The judge overseeing the Waymo-Uber trial over allegations of the theft of trade secrets agreed to postpone the start until Dec. 4 — but not before telling lawyers from both companies he doesn’t trust any of them.
“Despite the excellent quality of the lawyers here, I cannot trust what they say,” U.S. District Judge William Alsup said Tuesday at the hearing in San Francisco.
Court documents are filled with “a lot of half-truth, a lot of honest argument that is not quite accurate and overstatements. It’s hard to get anywhere,” the judge said.
The high-stakes trial was scheduled to begin Oct. 10 before Waymo asked for a delay.
Google has said that engineer Anthony Levandowski stole 14,000 internal documents as he left the company to found his own self-driving truck company, known as Otto. Six months after he left what is now Waymo, the self-driving arm of Google, Uber bought Otto in August 2016 for $680 million and named Levandowski head of its self-driving car project.
Waymo says Uber is using trade secrets contained in some of those documents in Uber’s own autonomous driving systems.
Uber denies those claims and has testified that Levandowski did not pass along any data from Google.
At Tuesday’s hearing, Alsup said Waymo “still has a very strong case against Levandowski” but implied that proving a trade secrets violation remains an uphill climb. “This is not the home run they were expecting to find,” he said.
Under its contract with Levandowski, Google cannot sue him in civil court on the theft allegations, and instead must turn to arbitration. Thus far, the company has chosen not to go that route.
Waymo had asked the court for a continuance to review a “mountain” of documents related to the case only recently released under a separate court order. The documents are drawn from a report drafted by risk management firm Stroz Friedberg, which Uber hired to conduct due diligence on Levandowski and Otto before Uber acquired the company.
The report, parts of which became public Tuesday, states that Levandowski continued to possess downloaded Google data even after he left the company. Waymo lawyers say the report shows that Uber executives knew Levandowski had the material before the Otto acquisition.
If Levandowski were on trial, the evidence would appear to be damning. However, Waymo is suing Uber, not Levandowski.

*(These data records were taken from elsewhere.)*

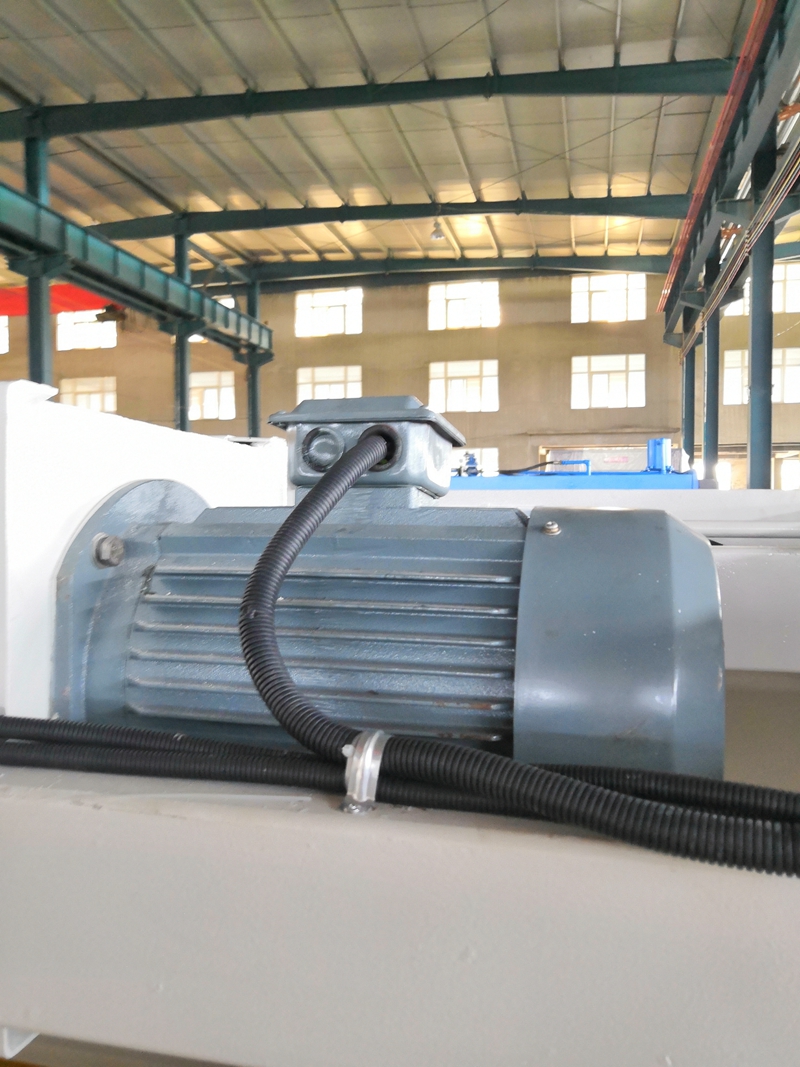 6mm Q11 Electric Sheet Plate Shearing Machine 8 Feet Sheet Metal Shearing Machine 6mm Q11 Elektrikli Levha Plitəsi Kəsmə Maşını 8 Ayaq Levha Metal Kəsmə Maşını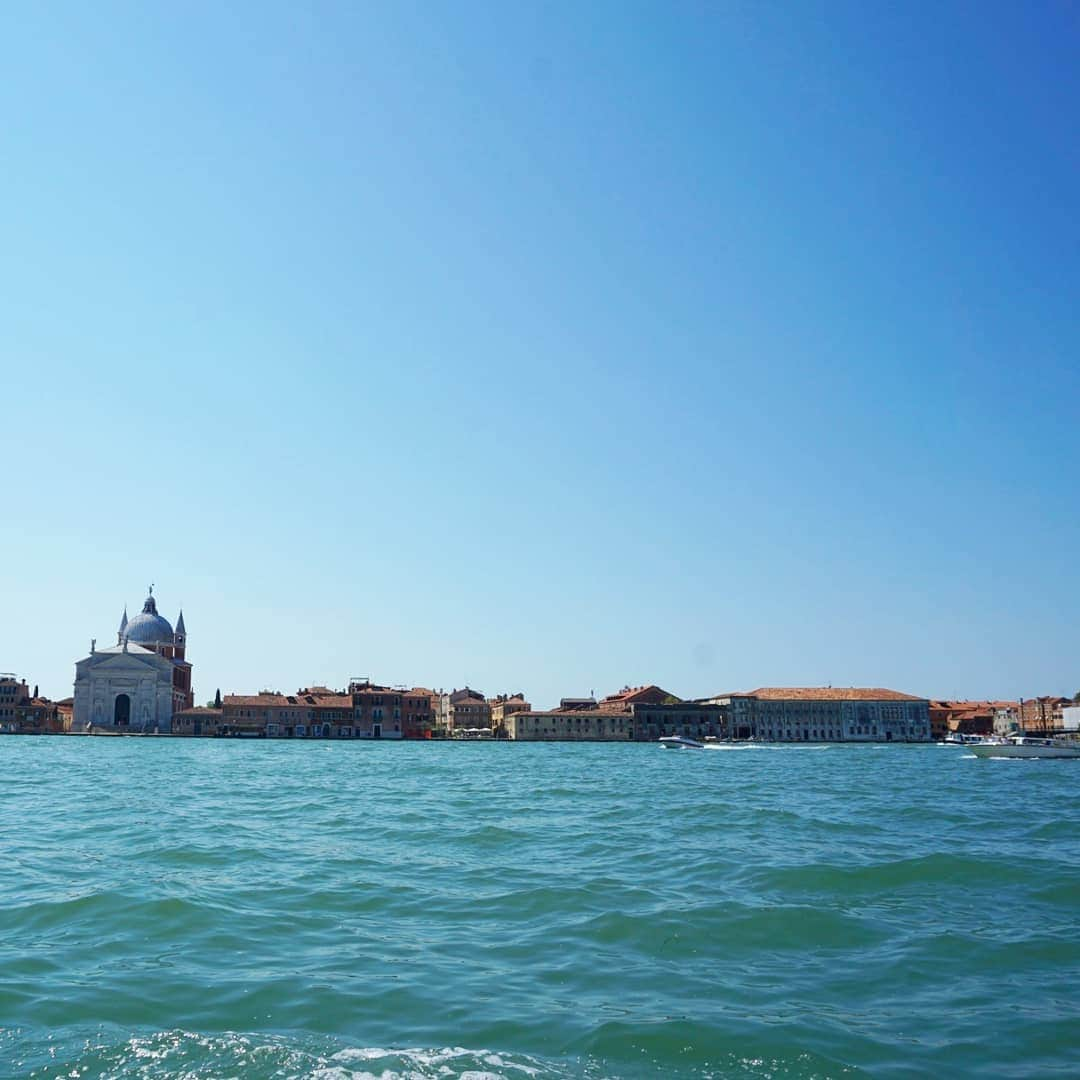 谷中麻里衣さんのインスタグラム写真 - (谷中麻里衣Instagram)「Venice 💓 1st destination in our summer vacation 🌞 . 水の都ヴェネツィア✨ . 迷路のようで、なかなか目的地に辿り着けなかったけれど😂 さまよってるだけでハッピーになれる美しさでした❤️ . #Venice #Italy #canal #lagoon #travel #vacation #summervacation #イタリア #イタリア旅行 #ヴェネツィア #ベネチア #水の都 #旅するイタリア #麻里衣旅行」9月4日 9時05分 - marieyanaka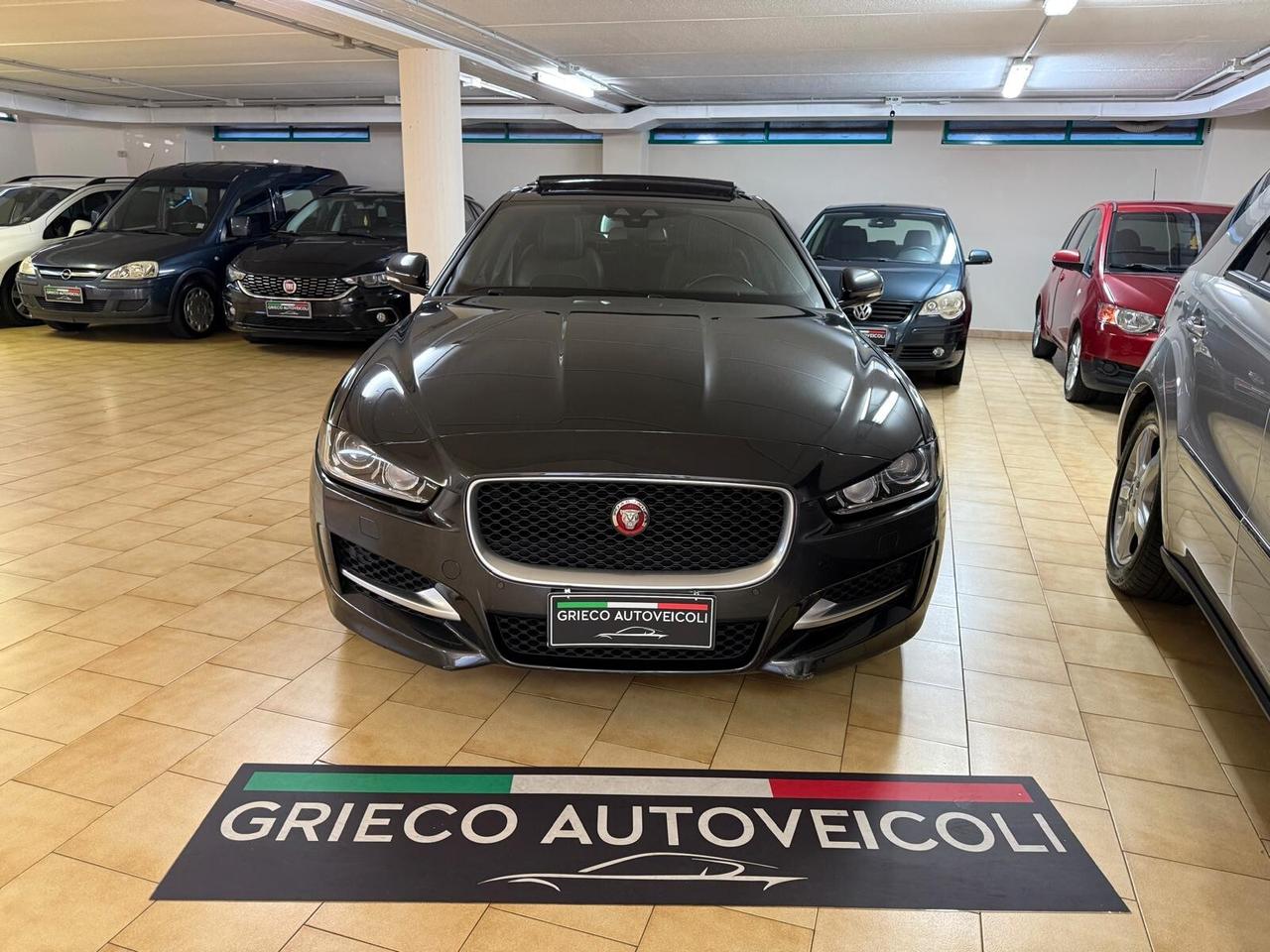 JAGUAR XE R-SPORT TURBO 180CV AWD TETTO E TELECAMERA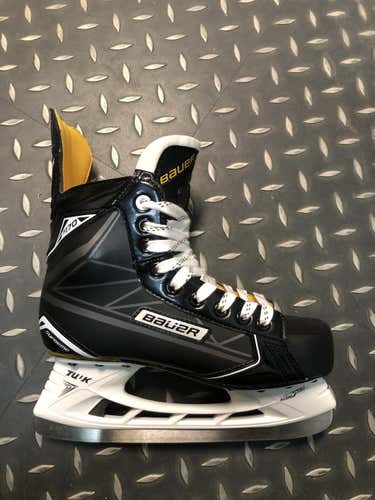 New Bauer Supreme S170 Skates (SIZE 5.5)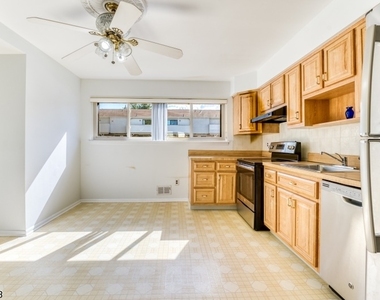 918 Merritt Dr - Photo Thumbnail 3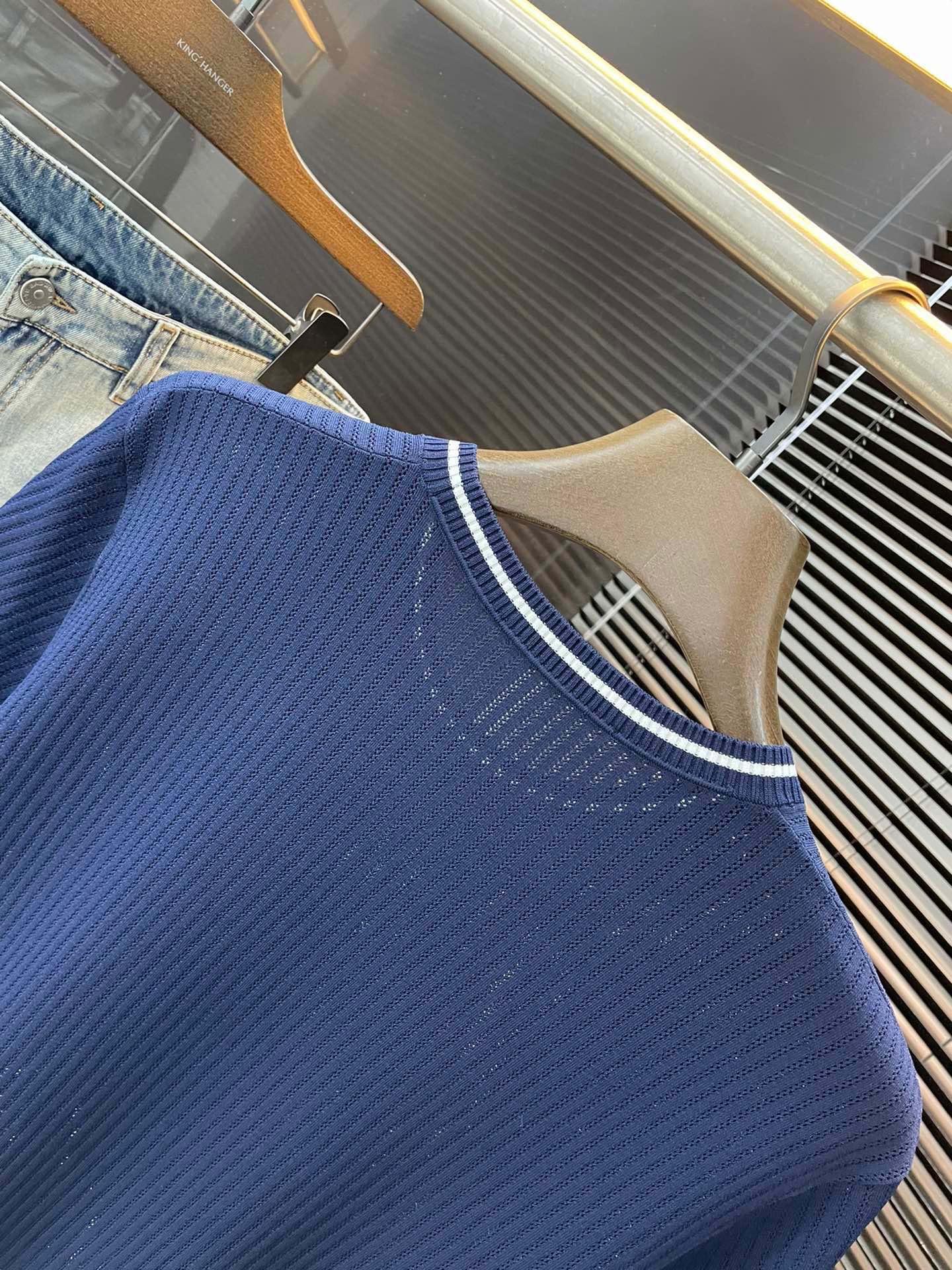 “Palm Angels VIP Advanced Design 2025 Summer Short-Sleeves: Cyber Fabric, Cosmopolitan Style” - 图片 8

It must prove that Uber possessed Waymo trade secrets, or used them in its own self-driving technology, or both.
In reluctantly agreeing to the continuance, Alsup made clear the new schedule was set in stone and would not be changed.
When Arturo Gonzalez, Uber’s lead lawyer, told the judge he had a conflict with jury selection in another trial, Alsup told him, “Too bad.”
The stakes in the case are high, at least for the businesses involved. Until recently, self-driving cars were considered a science-fiction dream. But the technology has developed faster than anyone expected, and fully autonomous vehicles already are being tested on public highways. Commercial versions are expected to hit the market early next decade. As the industry grows, annual revenue is expected to total tens and perhaps hundreds of billions of dollars.
The Waymo-Uber case centers on lidar, a technology that bounces laser beams off objects to determine their appearance in fine detail. Lidar works with optical cameras, radar, ultrasound and other sensors to give the self-driving car a “map” of the world around it. Car companies see lidar as an essential component in autonomous vehicles. One exception is Tesla, whose chief executive, Elon Musk, has said lidar is unnecessary.
The technology is expensive. Companies that can improve lidar performance while bringing costs down are most likely to grab a major chunk of the emerging market.
2:10 p.m.: This article was updated with additional context.